Assigned task: The response must consist of the records below, copied exactly.

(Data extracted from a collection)
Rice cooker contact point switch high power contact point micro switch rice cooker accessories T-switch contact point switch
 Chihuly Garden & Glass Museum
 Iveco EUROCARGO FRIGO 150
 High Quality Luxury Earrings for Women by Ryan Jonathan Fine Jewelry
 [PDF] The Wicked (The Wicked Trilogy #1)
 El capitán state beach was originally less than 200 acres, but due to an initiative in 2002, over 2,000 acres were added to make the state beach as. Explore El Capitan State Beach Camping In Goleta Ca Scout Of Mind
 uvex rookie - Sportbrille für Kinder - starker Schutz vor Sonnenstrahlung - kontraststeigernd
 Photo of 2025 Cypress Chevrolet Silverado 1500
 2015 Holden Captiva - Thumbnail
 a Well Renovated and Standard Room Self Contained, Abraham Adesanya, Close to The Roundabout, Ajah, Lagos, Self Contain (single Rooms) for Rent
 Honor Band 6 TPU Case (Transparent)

Response:
Rice cooker contact point switch high power contact point micro switch rice cooker accessories T-switch contact point switch
 Chihuly Garden & Glass Museum
 Iveco EUROCARGO FRIGO 150
 High Quality Luxury Earrings for Women by Ryan Jonathan Fine Jewelry
 [PDF] The Wicked (The Wicked Trilogy #1)
 El capitán state beach was originally less than 200 acres, but due to an initiative in 2002, over 2,000 acres were added to make the state beach as. Explore El Capitan State Beach Camping In Goleta Ca Scout Of Mind
 uvex rookie - Sportbrille für Kinder - starker Schutz vor Sonnenstrahlung - kontraststeigernd
 Photo of 2025 Cypress Chevrolet Silverado 1500
 2015 Holden Captiva - Thumbnail
 a Well Renovated and Standard Room Self Contained, Abraham Adesanya, Close to The Roundabout, Ajah, Lagos, Self Contain (single Rooms) for Rent
 Honor Band 6 TPU Case (Transparent)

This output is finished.